Едва выйдя из лифта на втором этаже Конгресса, слева можно увидеть небольшую лестницу, которая, окруженная журналистами, фотографами и телекамерами, напоминала ступени старого стадиона «Сан-Паоло» в Неаполе в день представления Диего Армандо Марадоны в 1984 году. Существует культовое фото на эту тему.

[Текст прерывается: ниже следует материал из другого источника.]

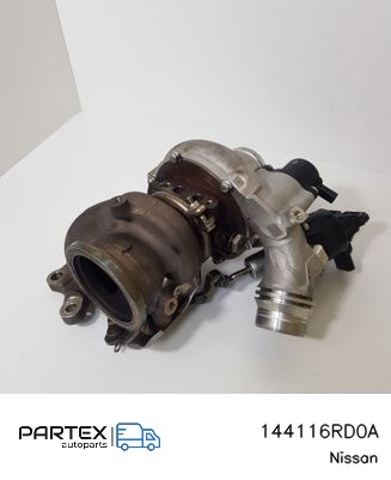 NISSAN 144116RD0A Турбина в наличии Сумы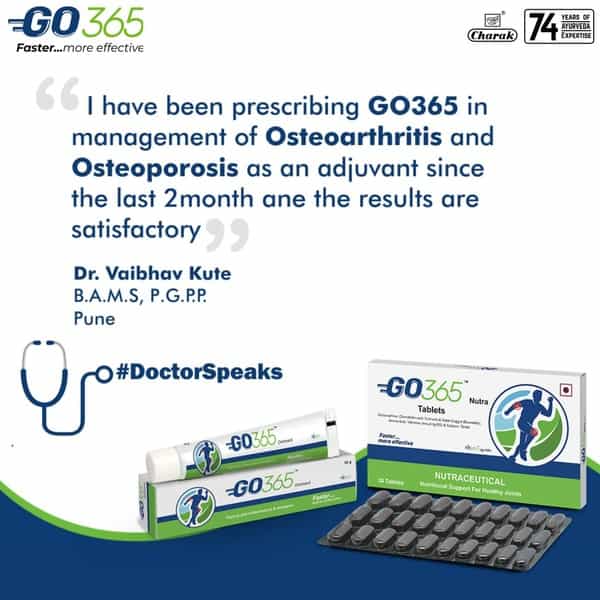 Go365 Nutra Tablets Therapy Pack Of 3(Buy 2 Get 1 Free)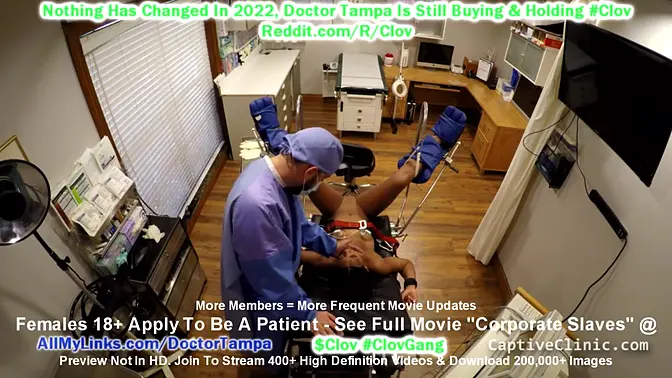 Clov Minnie Rose's Virginal Torture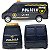 Carrinho De Brinquedo Bombeiro Resgate Polícia Ambulância 22cm - Imagem 3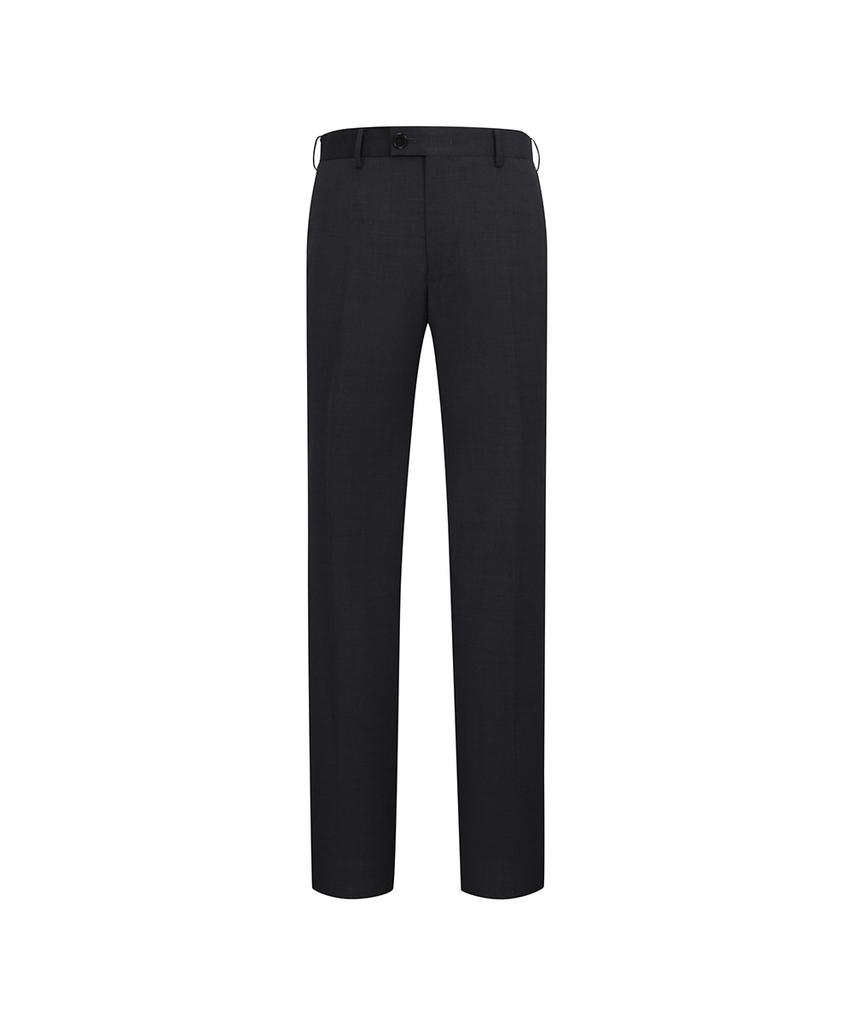 G Eek Wool Blended Classic Fit Suit Pants (Pipad2265)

Неизвестно, будет ли похожая фотография в эту среду в Конгрессе, где Мариано Армандо Рахой явился на комиссию по расследованию «Операции Каталония» – тайной полицейской схемы, запущенной из недр Министерства внутренних дел с целью предположительно шпионить за политическими партиями, от сторонников независимости до Podemos, посредством судебного преследования и фейковых новостей. Но она должна быть. Экс-президент правительства появился в окружении вспышек, попросил слова, чтобы заявить, что не понимает, что делает в этом месте, сидя перед этими странными людьми, и посвятил последующие часы самому масштабному и разрушительному упражнению по опустошению власти, которое когда-либо переживало правительство: дело не в том, что он ничего не знал о том, что происходило под его командованием, а в том, что, слушая его, вспоминаешь историческую фразу Сапатеро, сказанную жене перед сном, когда он уже некоторое время находился в Ла Монклоа: «Ты не представляешь, Сонсолес, какое количество сотен тысяч испанцев могли бы управлять».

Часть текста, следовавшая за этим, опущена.